Ongoing observations by End Point people

DAD Trouble

I never thought I'd say it, but these days technology is simply moving too fast for DAD. It's just the way it is. Of course it's not DAD's fault, it's just the world doesn't want to wait.

Before I get to that, I want to mention some trouble we'd recently started seeing with nginx failing to start on boot. It's just been on our most recently obtained servers, both Debian-based (including Ubuntu) and RHEL-based installations. Some were Linode VM's, others were bare metal hardware systems. After boot and once we got in to try and see what was happening, nginx would happily start manually. The only clue was one line that had been left in the error log:

2014/06/14 23:33:20 [emerg] 2221#0: bind() to [2607:f0d0:2001:103::8]:80 failed (99: Cannot assign requested address)

And it wasn't just nginx; Apache httpd in one instance gave us similar trouble:

Starting httpd: (99)Cannot assign requested address: make_sock: could not bind to address [2600:3c00::f03c:91ff:fe73:687f]:80
no listening sockets available, shutting down

As an interim fix, since at the moment these systems only had one IPv6 each, we told nginx or httpd to listen on all addresses. But not liking to leave a mystery unsolved, once we were able to schedule a long enough maintenance window on a system to reboot it a few times and see what's going on, we found that the interface was in a "tentative" state for a short interval.

That was the clue we needed. For some reason, the boot process was allowed to continue before DAD (Duplicate Address Detection) has a chance to decide that if the interface is allowed to use the provided IPv6 address. It's probably been doing this all along, but the servers that were affected just didn't boot fast enough to try binding before the interface was ready. Now, things are faster, and service start-up was winning the race.

For us, the addresses are either static or autoconfigured, and we're confident that a duplicate address situation won't be a problem. So we turned off dad_transmits by setting this in sysctl.conf:

net.ipv6.conf.all.dad_transmits = 0

Success! No more bind problems on boot preventing a service from starting.

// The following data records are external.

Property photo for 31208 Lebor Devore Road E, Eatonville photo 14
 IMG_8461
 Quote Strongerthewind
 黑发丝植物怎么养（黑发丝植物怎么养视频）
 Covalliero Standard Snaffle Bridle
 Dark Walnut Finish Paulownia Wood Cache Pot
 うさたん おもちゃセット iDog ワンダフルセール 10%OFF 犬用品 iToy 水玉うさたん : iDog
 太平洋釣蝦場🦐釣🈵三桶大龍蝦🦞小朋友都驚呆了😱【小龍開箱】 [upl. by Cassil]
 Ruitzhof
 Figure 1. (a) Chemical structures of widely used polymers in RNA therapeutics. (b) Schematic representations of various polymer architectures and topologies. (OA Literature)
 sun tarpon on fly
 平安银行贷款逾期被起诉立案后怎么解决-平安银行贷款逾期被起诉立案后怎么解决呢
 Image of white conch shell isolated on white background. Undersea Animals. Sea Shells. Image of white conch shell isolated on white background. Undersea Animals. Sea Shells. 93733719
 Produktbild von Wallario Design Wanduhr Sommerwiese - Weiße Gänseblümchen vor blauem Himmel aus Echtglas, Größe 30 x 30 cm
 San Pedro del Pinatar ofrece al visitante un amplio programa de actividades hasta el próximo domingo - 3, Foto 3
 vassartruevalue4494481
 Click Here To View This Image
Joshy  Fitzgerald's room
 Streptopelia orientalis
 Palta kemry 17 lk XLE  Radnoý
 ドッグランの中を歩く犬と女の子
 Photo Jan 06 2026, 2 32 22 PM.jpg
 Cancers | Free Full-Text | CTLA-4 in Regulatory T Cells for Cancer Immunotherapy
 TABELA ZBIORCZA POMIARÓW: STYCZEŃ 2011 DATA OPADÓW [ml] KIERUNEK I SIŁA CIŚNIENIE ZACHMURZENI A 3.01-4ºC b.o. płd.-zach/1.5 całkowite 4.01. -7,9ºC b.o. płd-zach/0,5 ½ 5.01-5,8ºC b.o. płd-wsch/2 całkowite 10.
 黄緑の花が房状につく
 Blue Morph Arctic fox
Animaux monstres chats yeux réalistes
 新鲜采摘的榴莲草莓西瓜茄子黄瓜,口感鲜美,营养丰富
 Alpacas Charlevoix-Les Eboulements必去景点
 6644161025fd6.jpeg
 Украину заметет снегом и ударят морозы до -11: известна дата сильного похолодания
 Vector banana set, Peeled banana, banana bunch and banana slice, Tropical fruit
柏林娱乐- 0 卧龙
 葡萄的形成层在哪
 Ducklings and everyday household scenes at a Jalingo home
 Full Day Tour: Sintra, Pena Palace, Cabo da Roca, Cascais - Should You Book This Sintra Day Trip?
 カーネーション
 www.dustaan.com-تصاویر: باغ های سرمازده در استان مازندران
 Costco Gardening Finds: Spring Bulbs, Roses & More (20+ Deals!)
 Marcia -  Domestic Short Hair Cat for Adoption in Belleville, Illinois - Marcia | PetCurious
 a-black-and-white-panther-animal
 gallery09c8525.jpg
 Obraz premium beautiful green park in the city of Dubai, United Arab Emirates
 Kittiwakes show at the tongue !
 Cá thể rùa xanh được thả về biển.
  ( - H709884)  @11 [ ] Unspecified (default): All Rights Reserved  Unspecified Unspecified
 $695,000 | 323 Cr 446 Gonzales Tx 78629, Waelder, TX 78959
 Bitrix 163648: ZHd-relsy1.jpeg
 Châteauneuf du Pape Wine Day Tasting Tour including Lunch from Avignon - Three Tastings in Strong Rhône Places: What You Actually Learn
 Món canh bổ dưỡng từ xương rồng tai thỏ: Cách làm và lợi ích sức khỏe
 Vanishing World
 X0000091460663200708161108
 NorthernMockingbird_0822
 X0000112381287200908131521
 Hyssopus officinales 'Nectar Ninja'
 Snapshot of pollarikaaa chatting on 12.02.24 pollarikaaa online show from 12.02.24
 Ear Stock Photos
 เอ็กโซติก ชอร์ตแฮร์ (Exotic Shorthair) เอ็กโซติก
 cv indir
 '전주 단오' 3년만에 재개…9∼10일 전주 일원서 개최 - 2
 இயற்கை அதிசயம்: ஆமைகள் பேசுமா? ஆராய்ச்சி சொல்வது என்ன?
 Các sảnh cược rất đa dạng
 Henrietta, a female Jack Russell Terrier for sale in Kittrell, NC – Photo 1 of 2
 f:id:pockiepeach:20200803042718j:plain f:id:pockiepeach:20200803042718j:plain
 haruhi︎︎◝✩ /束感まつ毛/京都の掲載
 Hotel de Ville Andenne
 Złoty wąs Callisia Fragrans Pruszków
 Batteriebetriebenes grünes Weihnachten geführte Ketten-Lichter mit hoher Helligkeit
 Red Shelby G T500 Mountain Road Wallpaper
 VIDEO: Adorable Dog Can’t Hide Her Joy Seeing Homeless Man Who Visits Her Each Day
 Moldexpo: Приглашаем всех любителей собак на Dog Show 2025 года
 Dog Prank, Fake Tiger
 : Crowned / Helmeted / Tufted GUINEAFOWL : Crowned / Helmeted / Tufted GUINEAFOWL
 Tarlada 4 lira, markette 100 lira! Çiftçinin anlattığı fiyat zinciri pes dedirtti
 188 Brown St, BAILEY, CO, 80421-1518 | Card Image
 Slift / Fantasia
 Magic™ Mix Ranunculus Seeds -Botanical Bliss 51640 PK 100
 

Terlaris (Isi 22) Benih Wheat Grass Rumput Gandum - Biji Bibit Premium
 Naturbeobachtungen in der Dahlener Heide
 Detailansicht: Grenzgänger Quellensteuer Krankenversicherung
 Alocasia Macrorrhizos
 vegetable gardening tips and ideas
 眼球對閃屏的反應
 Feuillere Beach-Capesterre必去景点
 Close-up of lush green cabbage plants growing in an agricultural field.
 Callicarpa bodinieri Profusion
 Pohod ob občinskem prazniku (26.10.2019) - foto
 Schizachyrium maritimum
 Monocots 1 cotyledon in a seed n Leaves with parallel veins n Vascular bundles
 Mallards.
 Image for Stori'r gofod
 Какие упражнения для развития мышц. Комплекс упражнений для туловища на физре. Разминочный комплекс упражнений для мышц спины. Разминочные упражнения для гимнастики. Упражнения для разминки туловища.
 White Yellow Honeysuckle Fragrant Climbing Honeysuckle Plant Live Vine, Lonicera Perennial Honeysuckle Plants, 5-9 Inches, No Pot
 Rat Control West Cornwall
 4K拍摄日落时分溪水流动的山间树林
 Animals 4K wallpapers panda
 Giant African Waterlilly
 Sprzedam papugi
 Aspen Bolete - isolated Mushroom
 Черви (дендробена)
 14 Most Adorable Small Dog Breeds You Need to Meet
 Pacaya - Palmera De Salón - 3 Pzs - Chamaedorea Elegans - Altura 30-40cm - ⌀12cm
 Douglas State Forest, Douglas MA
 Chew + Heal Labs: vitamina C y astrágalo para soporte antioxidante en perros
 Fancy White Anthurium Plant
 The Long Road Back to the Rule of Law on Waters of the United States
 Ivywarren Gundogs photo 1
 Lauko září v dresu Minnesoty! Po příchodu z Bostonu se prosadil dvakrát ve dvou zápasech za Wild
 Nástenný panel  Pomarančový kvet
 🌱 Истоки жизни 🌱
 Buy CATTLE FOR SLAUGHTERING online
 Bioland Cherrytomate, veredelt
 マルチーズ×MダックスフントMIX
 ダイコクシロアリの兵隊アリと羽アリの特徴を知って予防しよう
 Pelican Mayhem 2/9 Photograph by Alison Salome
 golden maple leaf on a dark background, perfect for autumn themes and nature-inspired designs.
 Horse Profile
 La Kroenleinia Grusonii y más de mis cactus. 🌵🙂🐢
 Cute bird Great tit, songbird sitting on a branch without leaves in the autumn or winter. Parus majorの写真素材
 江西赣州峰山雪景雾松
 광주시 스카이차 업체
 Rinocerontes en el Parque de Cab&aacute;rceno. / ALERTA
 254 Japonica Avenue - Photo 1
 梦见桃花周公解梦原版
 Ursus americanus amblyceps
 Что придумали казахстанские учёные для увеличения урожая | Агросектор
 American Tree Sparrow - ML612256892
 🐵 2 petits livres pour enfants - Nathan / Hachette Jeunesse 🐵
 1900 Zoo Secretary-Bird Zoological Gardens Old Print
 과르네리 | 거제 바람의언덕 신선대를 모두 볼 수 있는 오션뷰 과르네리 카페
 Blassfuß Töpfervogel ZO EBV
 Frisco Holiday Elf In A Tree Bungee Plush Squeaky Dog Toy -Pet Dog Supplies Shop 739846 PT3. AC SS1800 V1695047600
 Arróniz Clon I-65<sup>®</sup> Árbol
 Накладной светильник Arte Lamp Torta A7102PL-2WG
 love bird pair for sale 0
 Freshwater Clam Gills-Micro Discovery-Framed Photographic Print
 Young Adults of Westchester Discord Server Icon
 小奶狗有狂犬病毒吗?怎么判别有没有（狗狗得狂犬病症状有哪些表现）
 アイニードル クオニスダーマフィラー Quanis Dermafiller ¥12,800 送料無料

Incidentally, I believe this has been solved in Debian by making the interface wait until it's out of the "tentative" state, but it doesn't look like it's been backported to current stable. It should be in Ubuntu as of the current LTS (14.04) however.

Happy Father's Day!

1 comment:

Grokknar said...

I've had to disable this on a 14.04 box just now as I was seeing this issue. It wasn't a problem on my Digital Ocean VPS's but is on the Vultr ones. I can only assume it's a speed issue. Either way, I'm not sure this has been fixed as per your final comment.